The recent fatal attacks by extremists in Fuheis and Salt have produced two worrisome facts. Fact number one is that all those who carried out the attack and who shot at members of the Jordanian security are local nationals.
The other fact, according to statements by Jordanian government and security officials, was that there is no evidence that the perpetuators of these heinous crimes have not been in Syria, nor that they have been part of any external radical group.
While analysts believe that the violent attacks, confrontation with the security and blowing up a residential building have the fingerprints of Daesh, there is no direct link, as stated by security authorities. Some observers, however, doubt that using remote control to blow up the security patrol car in Fuheis and bringing down the building could not have been done without training and that it would have been difficult to train in Jordan.
The fact that the attack against the Jordanian security was done in a location outside the largely-Christian town of Fuheis and on the eve of a cultural festival is also a telling factor in the thinking of extremists.
Mohammad Abu Rumman, an expert on Islamic movements, has done research and writing on the issue and has noted a marked increase in radicalism among a segment of the Jordanian youth. Some of the Salafist leaders have stated that they are having a hard time controlling some of the young hot heads within their ideological circles.
All these factors combined point again to the danger of home grown militant and violent radicalism and, therefore, the need for a national strategy in Jordan to counter radicalism.
Previous governments, as well as His Majesty King Abdullah, have talked a lot about the need to counter what King Abdullah calls khawarij “religious heretics”, but little has done to reach, agree to and implement that resembles a national strategy.
A previous national strategy to counter extremism was leaked to Al Ghad daily. That plan showed a concerted attack at basic democratic values and principles in the pursuit of addressing this problem.
Since then, different groups and donor countries have spent time and funds to draw up such a national strategy. UNDP was assigned to do extensive studies and present recommendations to the government, but all that effort has never been converted into a national strategy.
Such a strategy should not be done in secret, it needs to be discussed and debated and gain the necessary buy-in before it is approved and implemented.
No doubt any strategy to countering the kind of violence we saw last week needs to address the grievances that push youth to extremism, tackle ideological proponents of extremism and at the same time provide the public, and especially youth, with ideas and role models that can present a viable alternative.
It is not clear why the national strategy has been stuck in some hidden drawers months after UNDP experts provided the government with the basic tenants that are needed to be included in such a national strategy. Any attempts by one individual or party to monopolise such a strategy is a formula for failure.

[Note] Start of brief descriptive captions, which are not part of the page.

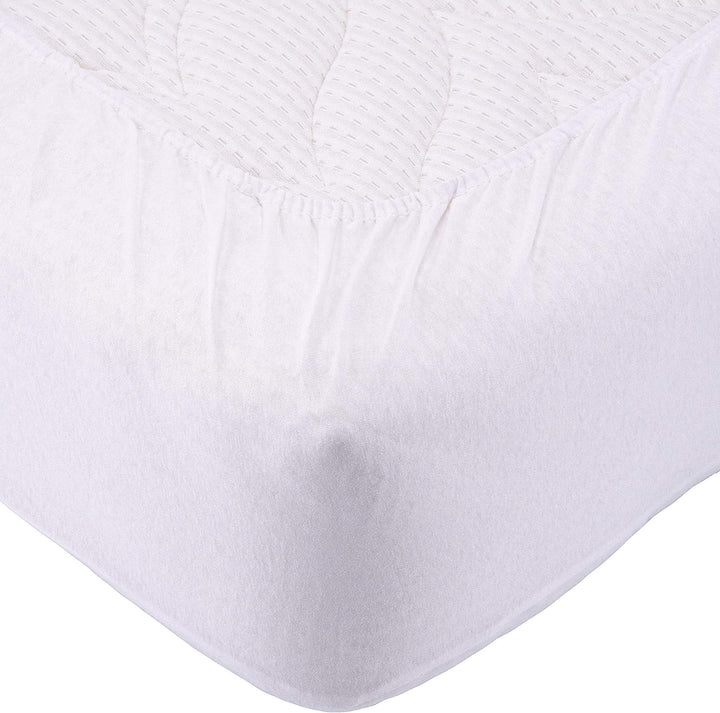 SETEX Kalmuck Spannbetttuch, 120 x 200 cm grosser Matratzenschoner, 100 % Baumwolle, Classic, Weiss,
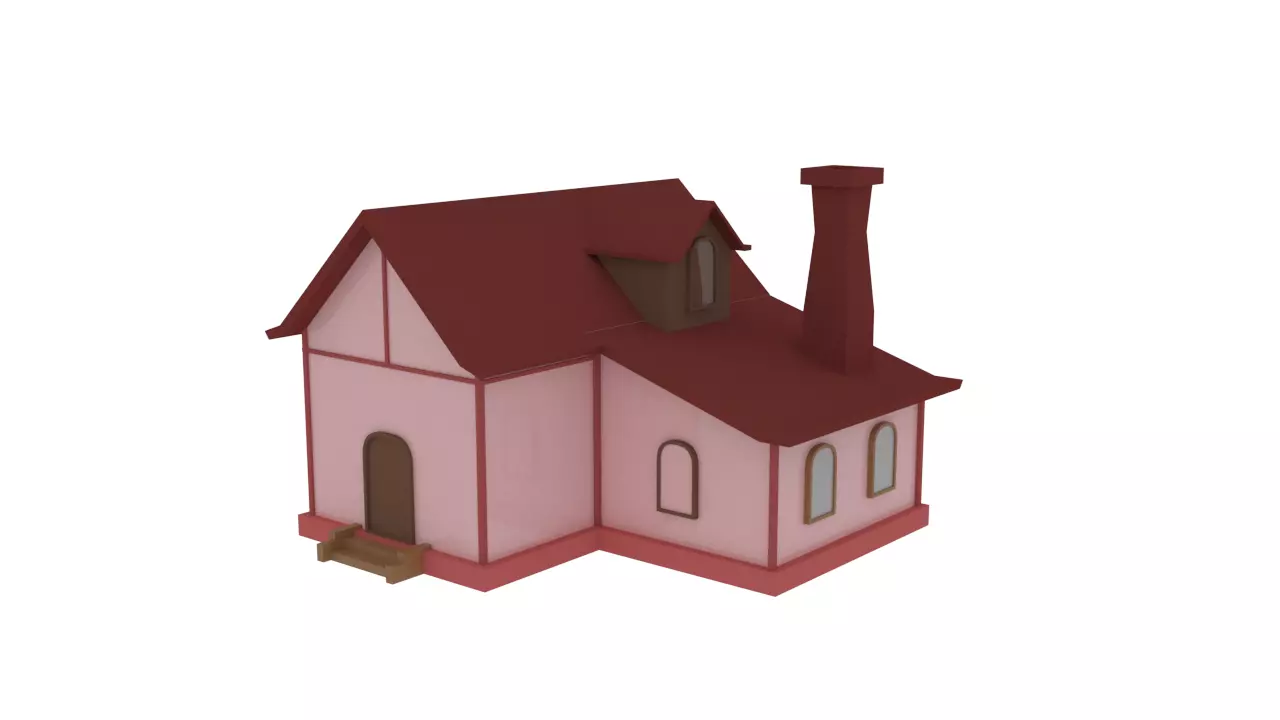 cartoon house Free low-poly 3D model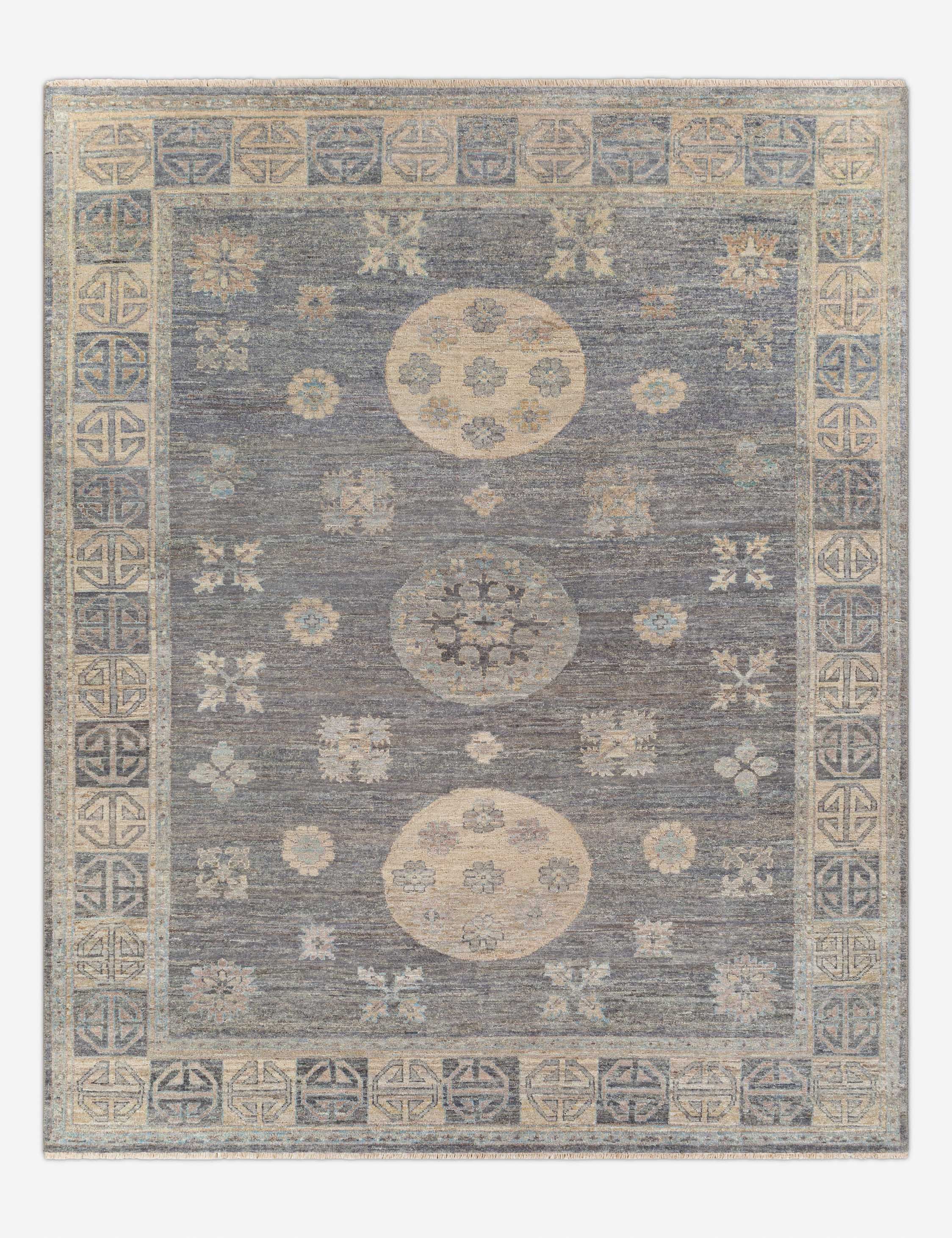 Gray Hand-Knotted Wool Rectangular Rug 2' x 3'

This needs to be a truly national effort by all sectors of the state. Government, parliament, the security, the private sector, NGOs, religious leaders, media and social media influencers all must be included in the discussions about the best way to move forward. This process is long overdue and needs to be accelerated now that we have seen the tragic results of the inaction that has allowed such radical elements to thrive in such a short time. Any delay is a mistake. Discussions must begin immediately followed by consensus making, decisions, action plan and implementation within an agreed to timetable. Short of that, we might find ourselves, God forbid, again wondering why Jordan’s youth have been radicalised?